Why Nonlinearity Is the Point

The activation function is not a convenience — it is the source of a neural network's expressive power. Without it, the network is a linear model regardless of depth. With it, the network can approximate arbitrarily complex functions. The specific nonlinearity chosen shapes how well gradients flow and therefore how well the network learns.

A neuron uses sigmoid activation and receives z = -10. Approximately what is its output, and what does this mean for learning?

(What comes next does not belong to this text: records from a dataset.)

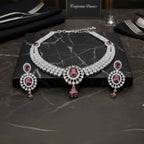 Crimson Imperial Jewelry Set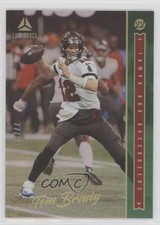 2022 Panini Luminance Green 77/99 Tom Brady #70 0kb0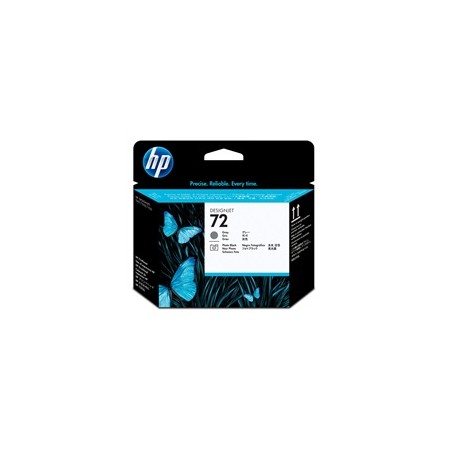 HP 72 Black photografic + Grey DJ Printhead, C9380A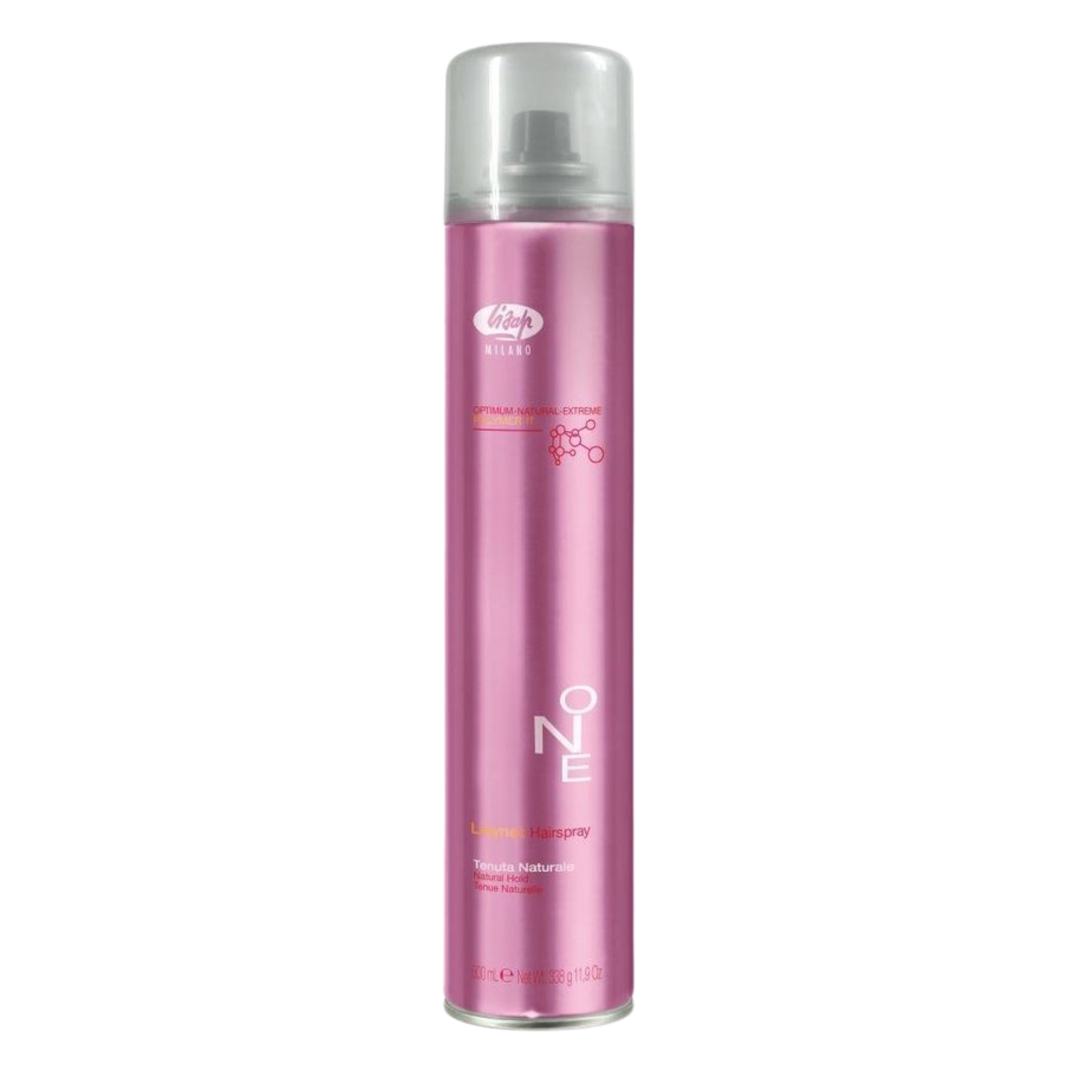 PR00447 Lisynet Hairspray Natural Hold - Afbeelding 1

Why is ReLU preferred over sigmoid for hidden layers in a 20-layer network?

Activation Function Graph

  1. Step 1: On graph paper (or a blank page with hand-drawn axes), draw the x-axis from -4 to 4 and y-axis from -1.5 to 1.5.
  2. Step 2: Plot ReLU by computing and marking the points: (-4,0), (-2,0), (0,0), (1,1), (2,2), (4,4) — note you will need to extend the y-axis upward.
  3. Step 3: On the same axes, sketch sigmoid by marking: (-4,≈0.02), (-2,≈0.12), (0,0.5), (2,≈0.88), (4,≈0.98).
  4. Step 4: Mark the regions where sigmoid's slope is very shallow (near 0 and 4 on x-axis). Label these 'saturation zones.'
  5. Step 5: Explain in one sentence why the saturation zones are a problem during training. What does the flat slope correspond to mathematically?